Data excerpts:
---------------

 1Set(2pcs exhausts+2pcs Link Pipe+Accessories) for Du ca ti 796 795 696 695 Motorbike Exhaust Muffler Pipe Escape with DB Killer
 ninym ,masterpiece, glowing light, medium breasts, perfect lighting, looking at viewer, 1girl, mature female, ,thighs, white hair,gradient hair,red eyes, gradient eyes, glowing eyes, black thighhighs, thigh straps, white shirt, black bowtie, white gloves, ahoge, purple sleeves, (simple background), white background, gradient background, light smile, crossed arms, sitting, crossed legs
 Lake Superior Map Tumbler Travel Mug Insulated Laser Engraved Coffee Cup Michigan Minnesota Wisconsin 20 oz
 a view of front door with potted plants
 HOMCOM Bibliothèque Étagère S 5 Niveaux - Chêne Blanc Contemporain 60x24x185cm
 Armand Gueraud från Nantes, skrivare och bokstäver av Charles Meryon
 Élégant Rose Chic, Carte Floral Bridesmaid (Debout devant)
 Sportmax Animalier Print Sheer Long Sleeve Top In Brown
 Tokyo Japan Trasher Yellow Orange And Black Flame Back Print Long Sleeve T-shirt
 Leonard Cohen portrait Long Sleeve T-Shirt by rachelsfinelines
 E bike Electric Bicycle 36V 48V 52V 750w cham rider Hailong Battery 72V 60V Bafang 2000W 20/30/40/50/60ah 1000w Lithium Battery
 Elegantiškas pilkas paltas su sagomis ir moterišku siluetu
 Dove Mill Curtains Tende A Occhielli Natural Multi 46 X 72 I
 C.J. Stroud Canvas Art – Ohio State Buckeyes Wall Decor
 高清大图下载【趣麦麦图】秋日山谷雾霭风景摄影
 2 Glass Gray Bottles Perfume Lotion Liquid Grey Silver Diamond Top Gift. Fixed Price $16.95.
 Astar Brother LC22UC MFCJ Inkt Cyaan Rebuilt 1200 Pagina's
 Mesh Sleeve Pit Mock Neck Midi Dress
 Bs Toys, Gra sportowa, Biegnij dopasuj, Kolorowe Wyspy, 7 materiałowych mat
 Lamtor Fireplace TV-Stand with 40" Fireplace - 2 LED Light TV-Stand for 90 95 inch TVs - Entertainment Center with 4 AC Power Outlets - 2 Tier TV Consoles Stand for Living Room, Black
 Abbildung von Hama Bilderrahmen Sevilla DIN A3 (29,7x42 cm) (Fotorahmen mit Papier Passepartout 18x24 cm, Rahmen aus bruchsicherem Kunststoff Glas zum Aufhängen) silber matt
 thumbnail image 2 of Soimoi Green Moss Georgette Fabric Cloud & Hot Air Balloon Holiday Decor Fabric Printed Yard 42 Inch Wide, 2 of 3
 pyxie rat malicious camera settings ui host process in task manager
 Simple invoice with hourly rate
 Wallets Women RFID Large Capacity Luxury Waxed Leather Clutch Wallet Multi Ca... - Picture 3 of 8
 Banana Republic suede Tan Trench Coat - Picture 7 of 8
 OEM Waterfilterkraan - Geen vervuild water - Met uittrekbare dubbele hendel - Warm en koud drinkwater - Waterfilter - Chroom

---------------

Exercise:
Please tally the lines of the entries that contain the string "Picture" and reply with the count alone.

Result:
2